Data shown:
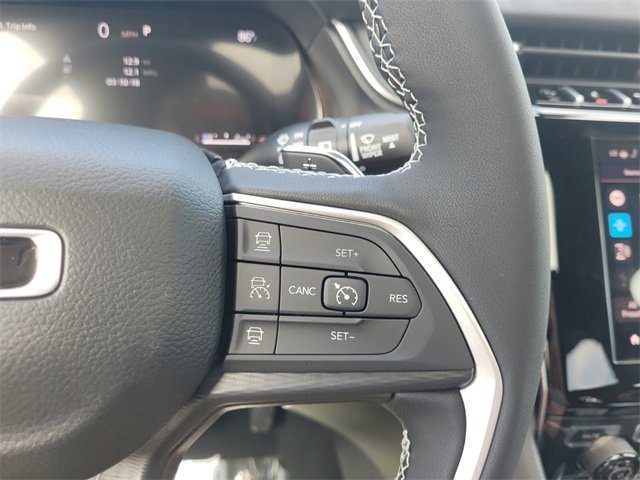 New 2025 Jeep Grand Cherokee Altitude image 29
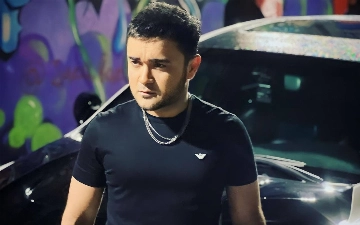 «Набрал вес»: поклонники Шохруххона восхитились изменениями в его внешности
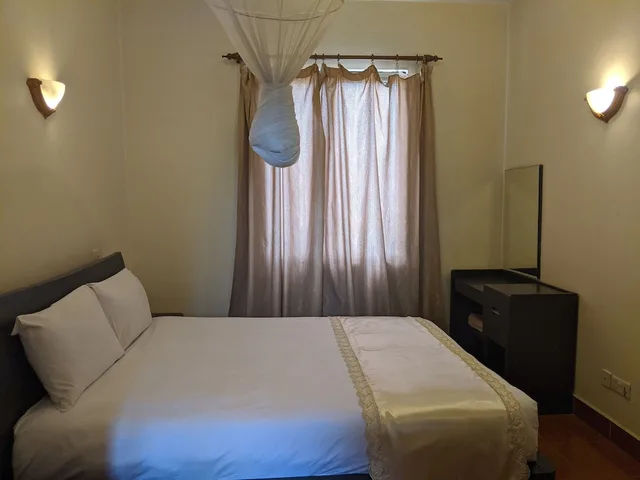 جناح تنفيذي بسرير كوين بإطلالة على المسبح بغرفة نوم واحدة، Prestige Hotel Suites 2/9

Activity:
Would you mind transcribing the material exactly, without the pictures?

Expected answer:
 New 2025 Jeep Grand Cherokee Altitude image 29
 «Набрал вес»: поклонники Шохруххона восхитились изменениями в его внешности
 جناح تنفيذي بسرير كوين بإطلالة على المسبح بغرفة نوم واحدة، Prestige Hotel Suites 2/9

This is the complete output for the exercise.